To understand how this minimization problem leads to a reasonable trading schedule, we consider the cases of different urgency levels. When urgency is low, the cost is dominated by the expected value of slippage. In other words, fluctuation/variance of the slippage is less of a concern and we are allowed greater volatility risk (tracking error) to minimize market impact. Thus, the optimal strategy will start early. In the extreme case when risk weight equals zero, it becomes a VWAP strategy which has minimal market impact. On the other hand, when urgency is high, the cost is dominated by the variance of slippage. In this case, we are allowed to make as much market impact as we can to minimize the uncertainty of slippage. Thus, the optimal strategy becomes allocating all shares into the closing auction.

This observation has several implications. First, the Smart Close trading schedule is more back-loaded than a VWAP (Figure 4). Higher the urgency level would imply a more back-loaded allocation (Figure 5). Second, VWAP is not an ideal strategy, even if it starts at a later time. One way to understand it is that VWAP has a flat participation rate while the optimal schedule should have an increasing participation rate that compensates the price volatility (Figure 4).

To highlight the difference between a Smart Close and VWAP strategy, we consider the so-called efficient frontier, a two-dimensional plot that represents the expected value and variance of the slippage. In Figure 6, we compare Smart Close with different urgency to VWAP strategies that start at different times. Notice that the VWAP strategy is always inferior to Smart Close, in a sense that given an expected value of slippage, Smart Close can always achieve a lower variance of slippage than VWAP.

Figure 4. A sample of Smart Close allocation vs VWAP allocation for 400,000 shares of ANZ AU at medium urgency level. VWAP strategy is assumed to start time at the same time as the Smart Close strategy.

Figure 4. A sample of Smart Close allocation vs. VWAP allocation for 400,000 shares of ANZ AU at medium urgency level.

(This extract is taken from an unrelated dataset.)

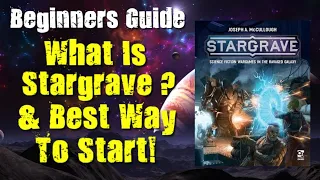 What is Stargrave & Best Way To Start The Game?!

VWAP strategy is assumed to start time at the same time as the Smart Close strategy.

Figure 5. A sample of Smart Close allocation for 400,000 shares of ANZ AU at medium and high urgency level.

Figure 5. A sample of Smart Close allocation for 400,000 shares of ANZ AU at medium and high urgency level.

Figure 6. An example of efficient frontier of Smart Close vs VWAP strategy for benchmarking the closing price.

Figure 6. An example of efficient frontier of Smart Close vs VWAP strategy for benchmarking the closing price.